NSIDC is a member of the World Data System (WDS), an interdisciplinary body of the International Science Council (ISC) whose goals include assuring open and equitable access to scientific data.
“We encourage open and full free access to the scientific data stored in the repositories of all research organizations. We understand that there are circumstances in which this isn’t possible for ethical or legal reasons, but in all other cases scientific data must be made available with the shortest possible time delay,” said Alex de Sherbinin, Chair of WDS’s Scientific Committee.
Another principle advocated by WDS focuses on assuring the authenticity, quality, and integrity of shared scientific data. “Trustworthiness is particularly important in the age of post-truth,” Sherbinin said. “We really need to nurture trust in data proactively.”
Pioneer
The aim of the workshop, which was organized by FAPESP under the aegis of its Research Program on eScience and Data Science in partnership with WDS, RDA, and the Brazilian Academy of Sciences (ABC), was to discuss best practices in data repository management, and trends and prospects for scientific data systems.
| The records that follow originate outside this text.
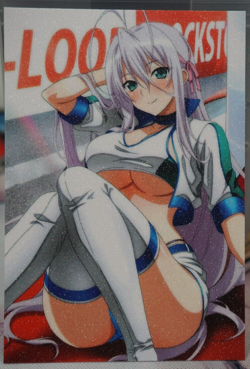 Rossweisse Tracksuit High School DxD Sexy Waifu Textured Custom Card - Image 1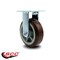 Service Caster 6 Inch Polyurethane Wheel Rigid Caster with Ball Bearing SCC-30R620-PPUB - alternate 3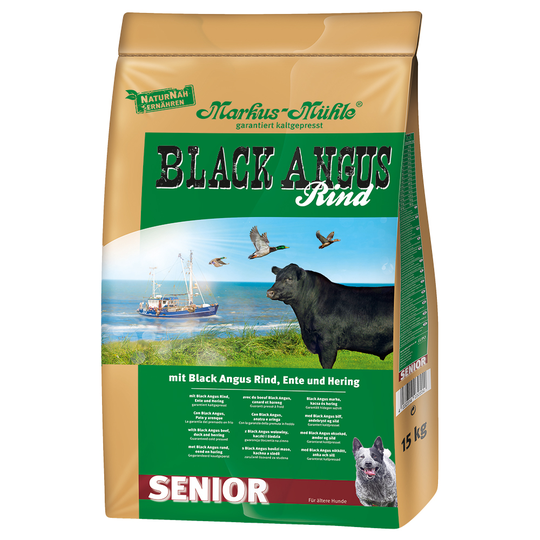Markus Mühle Black Angus -säästöpakkaus 2 x 15 kg - Black Angus Senior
A previous edition was held in 2018 and resulted in the creation by ABC of a working group to draw up standards and guidelines relating to the treatment of open-access data for the advancement of science and technology in Brazil.
“In August 2020, the group issued a document on the challenges of scientific data management in Brazil. It is now preparing a new document focusing on open science,” said Luiz Davidovich, President of ABC.
Davidovich highlighted the leadership in this area of Claudia Bauzer Medeiros, who acted as the moderator of the event. Medeiros is a professor at the University of Campinas’s Institute of Computing (IC-UNICAMP) in the state of São Paulo, and a member of ABC, WDS’s Scientific Committee, and the Steering Committee of the FAPESP Research Program on eScience and Data Science.
“FAPESP is one of the pioneers in open science initiatives in Latin America and the Caribbean,” said Luiz Eugênio Mello, FAPESP’s Scientific Director. “It is the first research funding agency in South America to require data management plans for all project submissions. This, in turn, is increasing awareness in the research community of the importance of data sharing as part of good scientific practices.”
The entire livestreamed event was recorded and can be watched at: www.youtube.com/watch?v=AB3BCPr43Ok.